Yes, I can help you mate. The solution is here: http://store.themodernman.com/in/3cc1619 If you’re not ready to purchase the program right now, sign up here for some free videos: http://www.themodernman.com/free-videos-about-how-to-get-your-ex-back.html
Cheers
Dan
Dan my wife left me three months ago she’s asking for a divorce she says it’s because she feels she’s has another child She also says I never made her feel like she was numbe 1 I never made her feel like a princess. Dan what do I do is there any hope?
J.P.
Hey Puch
Thanks for your question.
It sounds like she doesn’t feel as though you’re man enough to be the man in the relationship. Don’t worry – it’s pretty easy to fix because you ARE a man. You simply need to get properly educated on what women really want from a man in a relationship. The programs for you are:
http://store.themodernman.com/get_your_ex_back_super_system.html
http://store.themodernman.com/better_than_a_bad_boy.html
Here are some recent comments from men who I’ve helped to get a wife back:
“Hi dan 5 months after me and my wife broke up we are now back together and so happy , I’ll be honest with you I thought after I went through your programmes that they would be of no use to me I couldn’t have been more wrong , certain parts of the programme i couldn’t reeally use but the majority was so helpful , it got me in the right mindset and helped me through the toughest part of the break up and showed me how to be a man that my wife would want and in all fairness it just felt natural to be this way so many many thanks to you and the team at modern man because without you it would have been impossible for me to get my wife back in my arms so if any of you guys are in liverpool England any time don’t hesitate to contact me because I would like to take you guys out for a drink again thank you thank you thank you you don’t realise how much you have helped me I am eternally greatful thanks again from the happiest man in Liverpool Matty PS thank you again”

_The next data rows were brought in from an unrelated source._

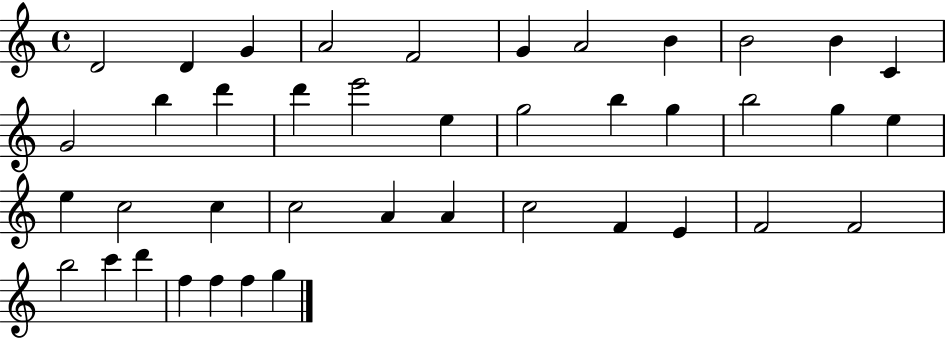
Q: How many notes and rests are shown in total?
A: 41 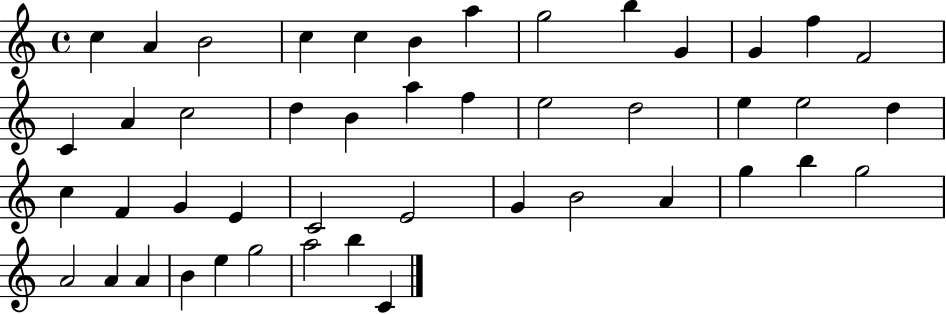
{
  \clef treble
  \time 4/4
  \defaultTimeSignature
  \key c \major
  c''4 a'4 b'2 | c''4 c''4 b'4 a''4 | g''2 b''4 g'4 | g'4 f''4 f'2 | \break c'4 a'4 c''2 | d''4 b'4 a''4 f''4 | e''2 d''2 | e''4 e''2 d''4 | \break c''4 f'4 g'4 e'4 | c'2 e'2 | g'4 b'2 a'4 | g''4 b''4 g''2 | \break a'2 a'4 a'4 | b'4 e''4 g''2 | a''2 b''4 c'4 | \bar "|."
}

“After my wife and I separated I didn’t know where to turn for help. I tried a bunch of things that I’d found online, but it was just pushing her further away from me. Another guy was in the picture so I knew that I needed to act fast. A friend suggested The Modern Man, I got the Ex Back program and her and I are back together in a better relationship than we had before. I’ve become a better man than I was before which has not only helped my marriage, but my standing at work where I have recently been promoted. I can’t thank Dan and his team enough.”
So, in other words: Yes, there is definitely hope for you. I hope that you decide to learn from me so you can get the answers and solutions you seek.